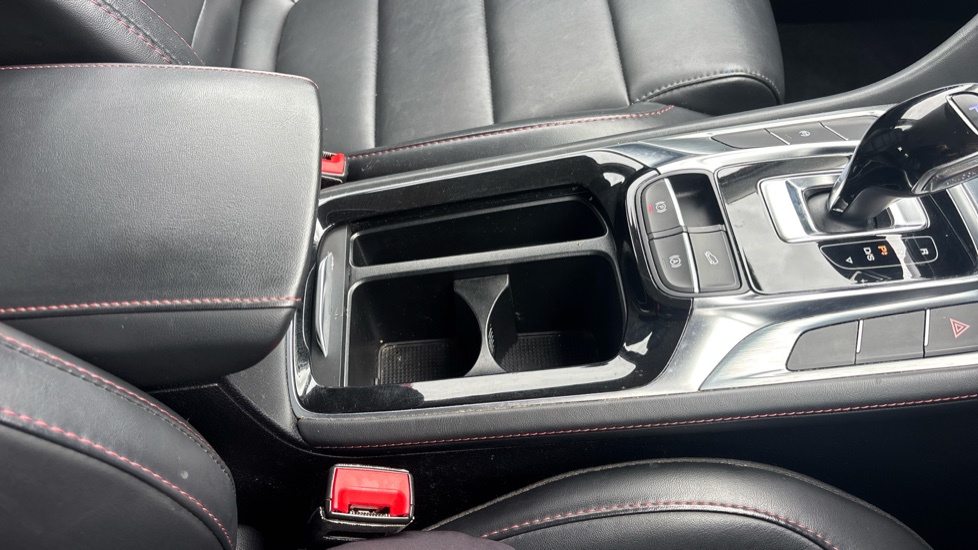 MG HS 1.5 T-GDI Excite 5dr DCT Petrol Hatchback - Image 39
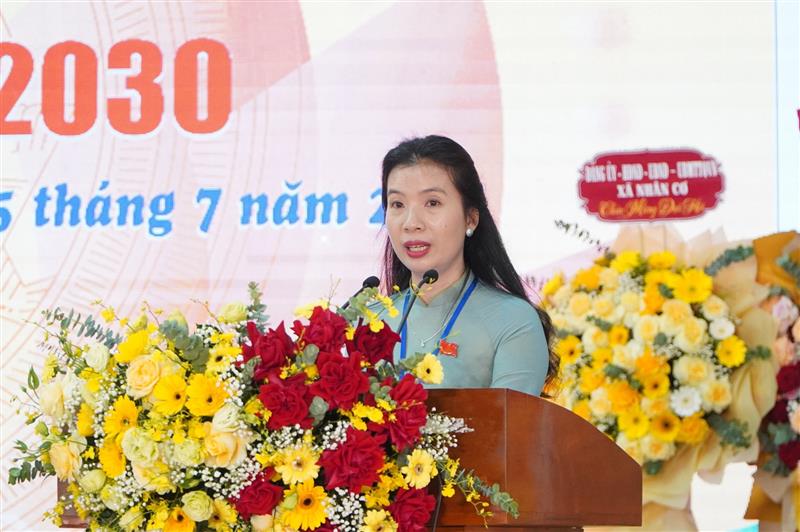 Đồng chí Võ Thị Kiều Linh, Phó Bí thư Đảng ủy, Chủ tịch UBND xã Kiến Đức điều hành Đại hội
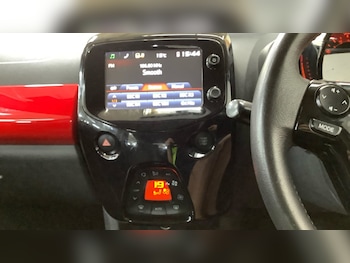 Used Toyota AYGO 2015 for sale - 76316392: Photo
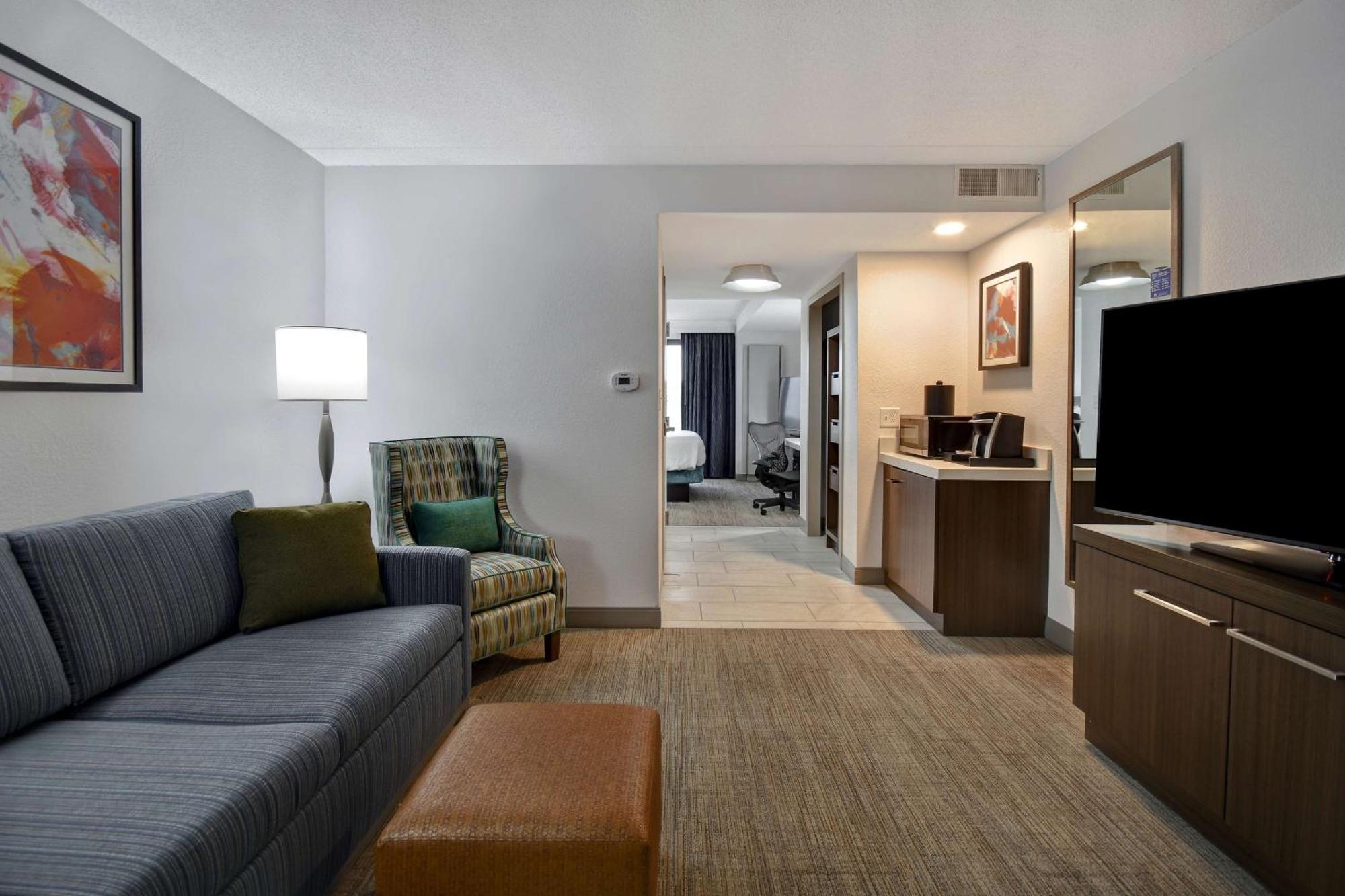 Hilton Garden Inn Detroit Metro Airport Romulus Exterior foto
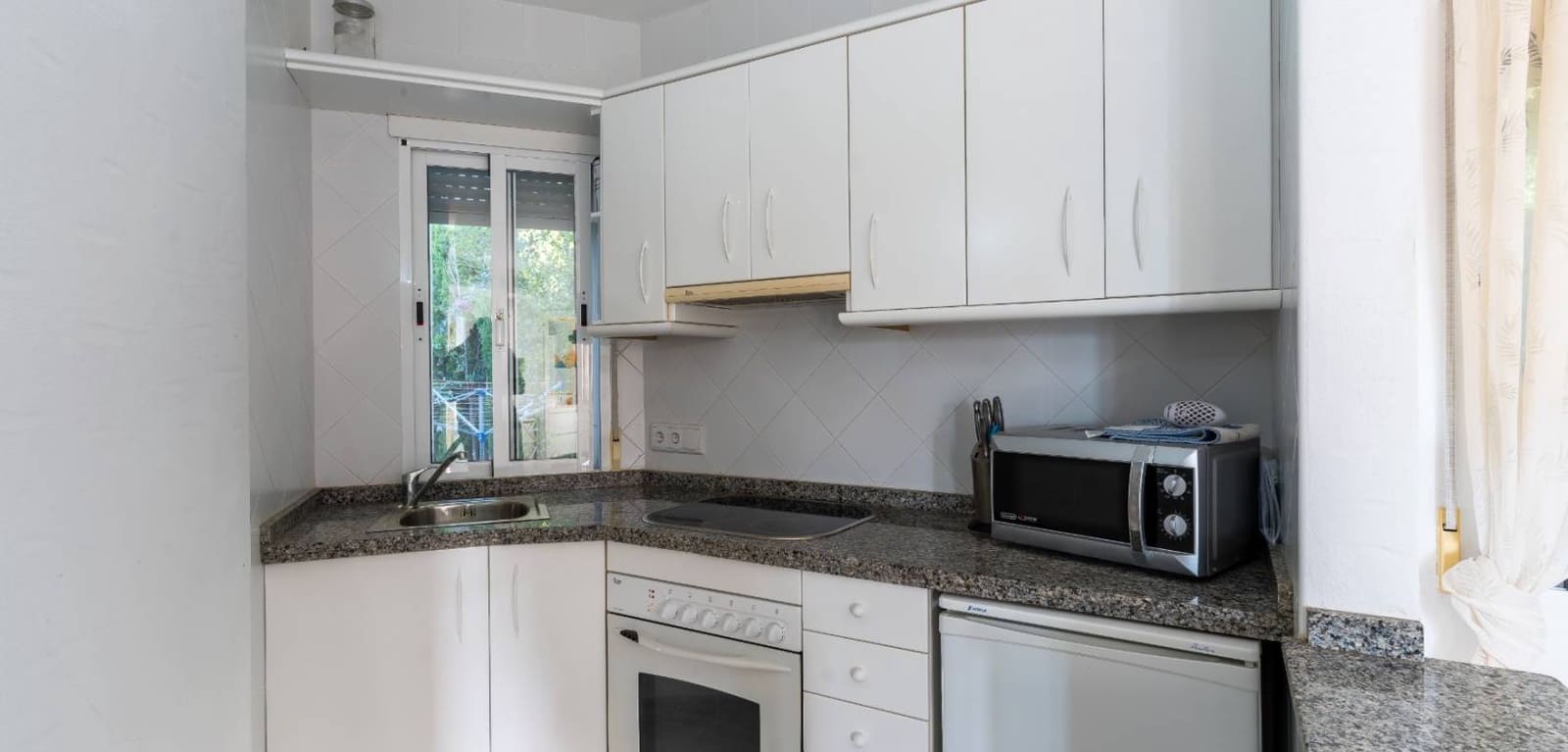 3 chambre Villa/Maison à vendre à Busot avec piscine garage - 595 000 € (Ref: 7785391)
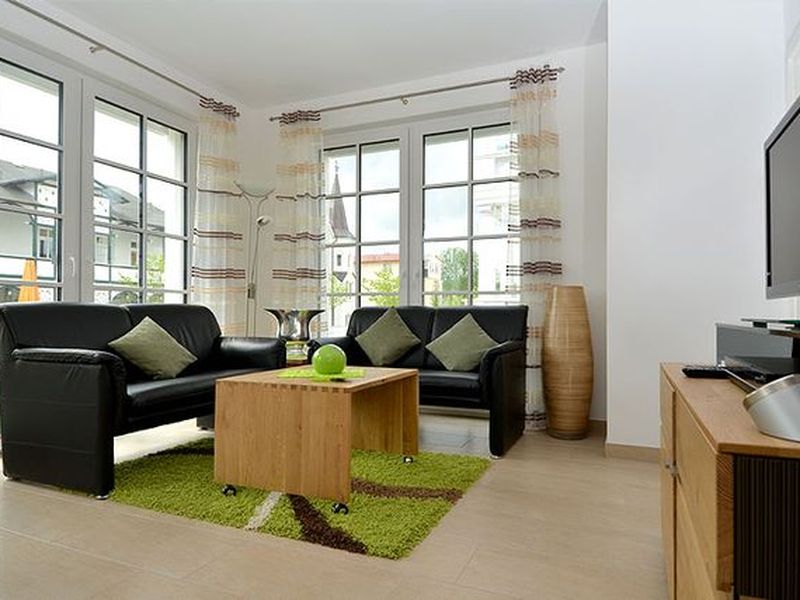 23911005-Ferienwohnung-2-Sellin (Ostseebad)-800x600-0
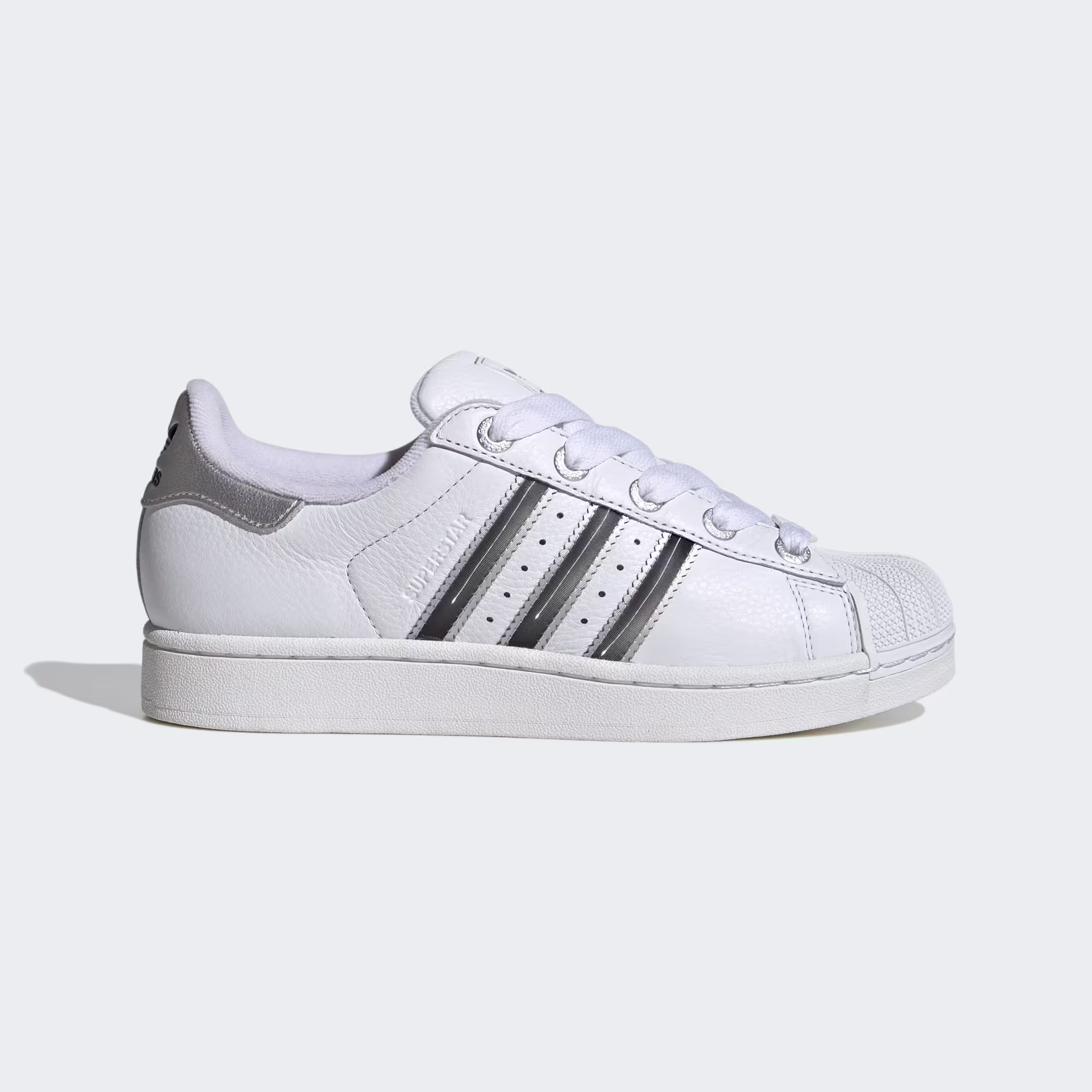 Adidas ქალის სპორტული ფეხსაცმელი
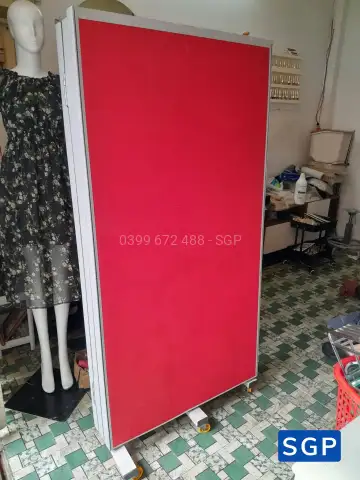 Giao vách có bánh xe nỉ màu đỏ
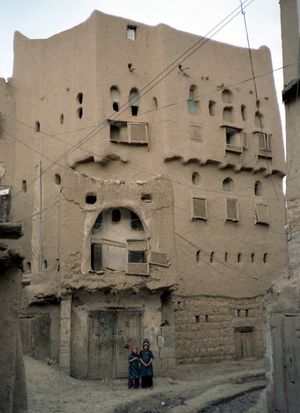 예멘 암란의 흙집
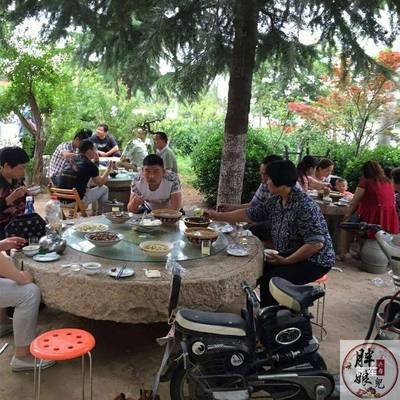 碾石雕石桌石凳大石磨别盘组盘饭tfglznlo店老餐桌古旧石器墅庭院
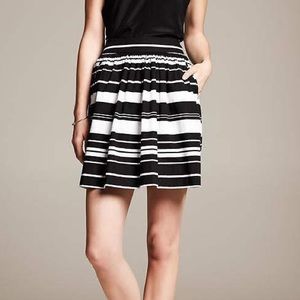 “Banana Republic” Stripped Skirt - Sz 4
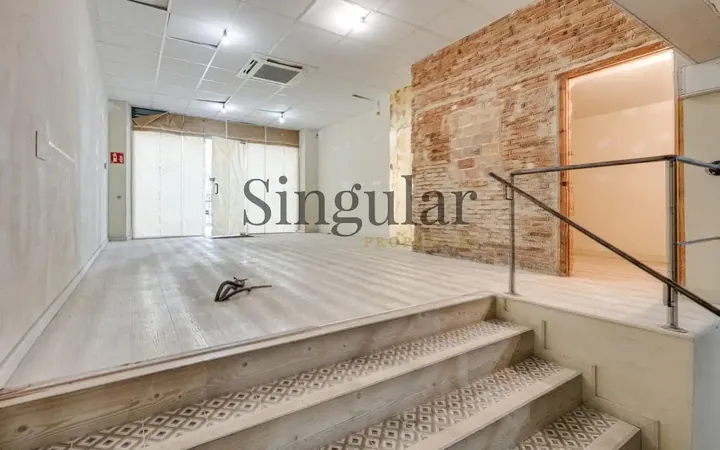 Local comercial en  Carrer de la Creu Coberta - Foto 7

• • • • •

AIM OF THE TASK
Rewrite the data above exactly as given, but omit the images.

WRITTEN REPLY
 MG HS 1.5 T-GDI Excite 5dr DCT Petrol Hatchback - Image 39
 Đồng chí Võ Thị Kiều Linh, Phó Bí thư Đảng ủy, Chủ tịch UBND xã Kiến Đức điều hành Đại hội
 Used Toyota AYGO 2015 for sale - 76316392: Photo
 Hilton Garden Inn Detroit Metro Airport Romulus Exterior foto
 3 chambre Villa/Maison à vendre à Busot avec piscine garage - 595 000 € (Ref: 7785391)
 23911005-Ferienwohnung-2-Sellin (Ostseebad)-800x600-0
 Adidas ქალის სპორტული ფეხსაცმელი
 Giao vách có bánh xe nỉ màu đỏ
 예멘 암란의 흙집
 碾石雕石桌石凳大石磨别盘组盘饭tfglznlo店老餐桌古旧石器墅庭院
 “Banana Republic” Stripped Skirt - Sz 4
 Local comercial en  Carrer de la Creu Coberta - Foto 7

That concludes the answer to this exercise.